Given information:
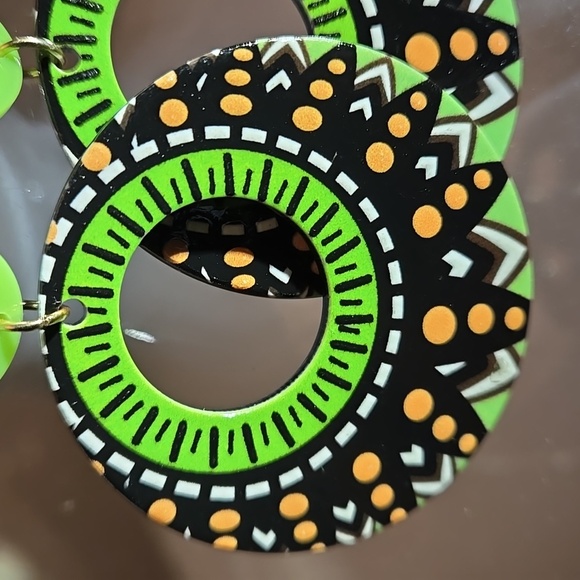 Round Polka Dot Geometric Acrylic Earrings - Picture 3 of 5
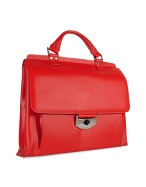 Ripani Women` Red Genuine Italian Leather Large Briefcase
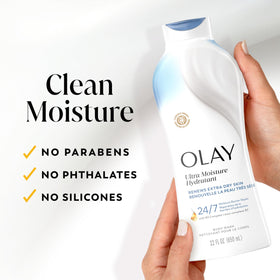 Olay body wash next to Olay lotion depicting a two-step moisturizing routine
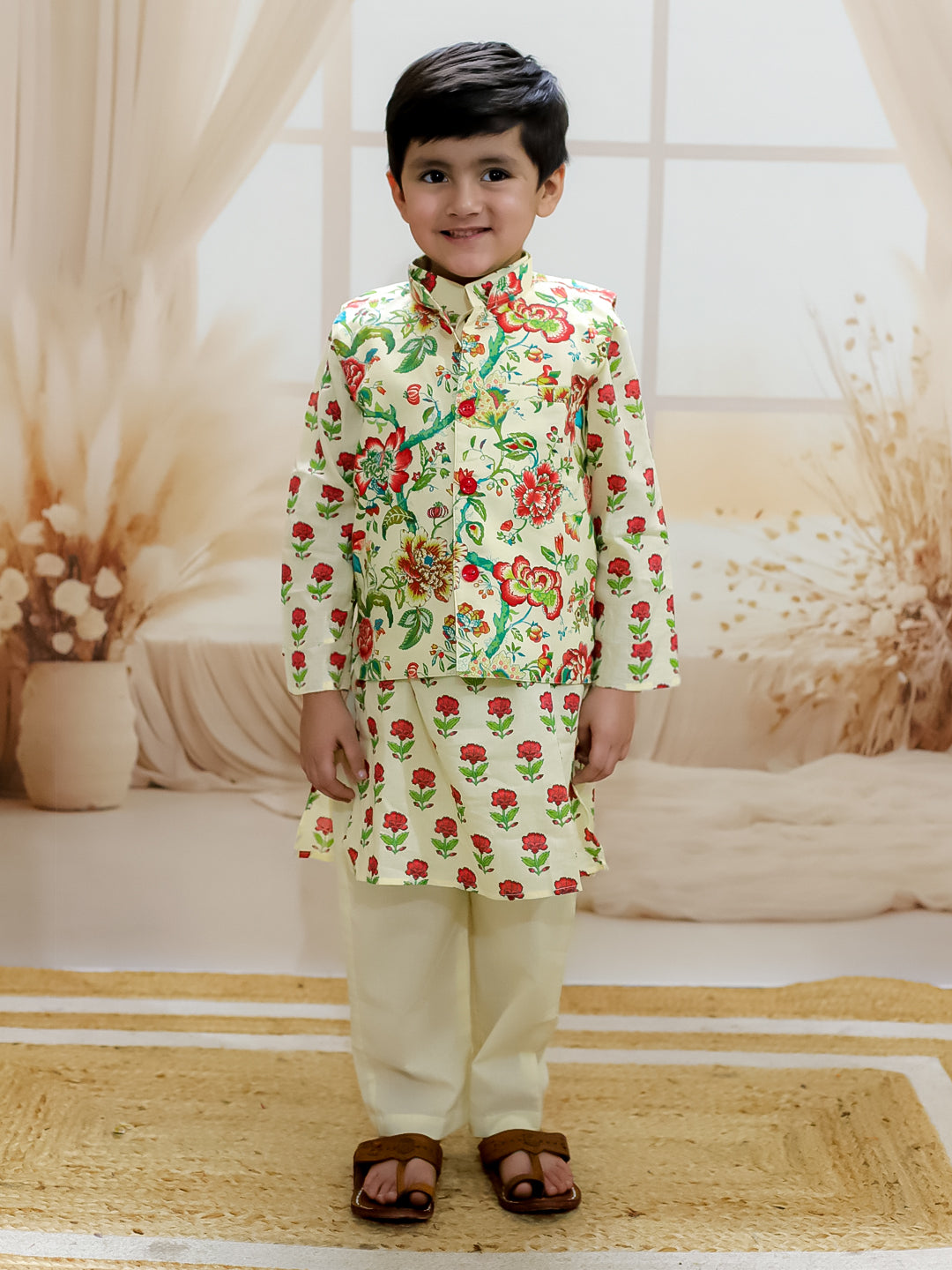 BownBee Pure Cotton Printed Kurta Pajama and Jacket Set for Boys with Pure Cotton Kurta Sharara Dupatta Set for Girls - Off White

What the exercise asks: Print the material precisely as given, dropping any images it holds.

Answer space:
 Round Polka Dot Geometric Acrylic Earrings - Picture 3 of 5
 Ripani Women` Red Genuine Italian Leather Large Briefcase
 Olay body wash next to Olay lotion depicting a two-step moisturizing routine
 BownBee Pure Cotton Printed Kurta Pajama and Jacket Set for Boys with Pure Cotton Kurta Sharara Dupatta Set for Girls - Off White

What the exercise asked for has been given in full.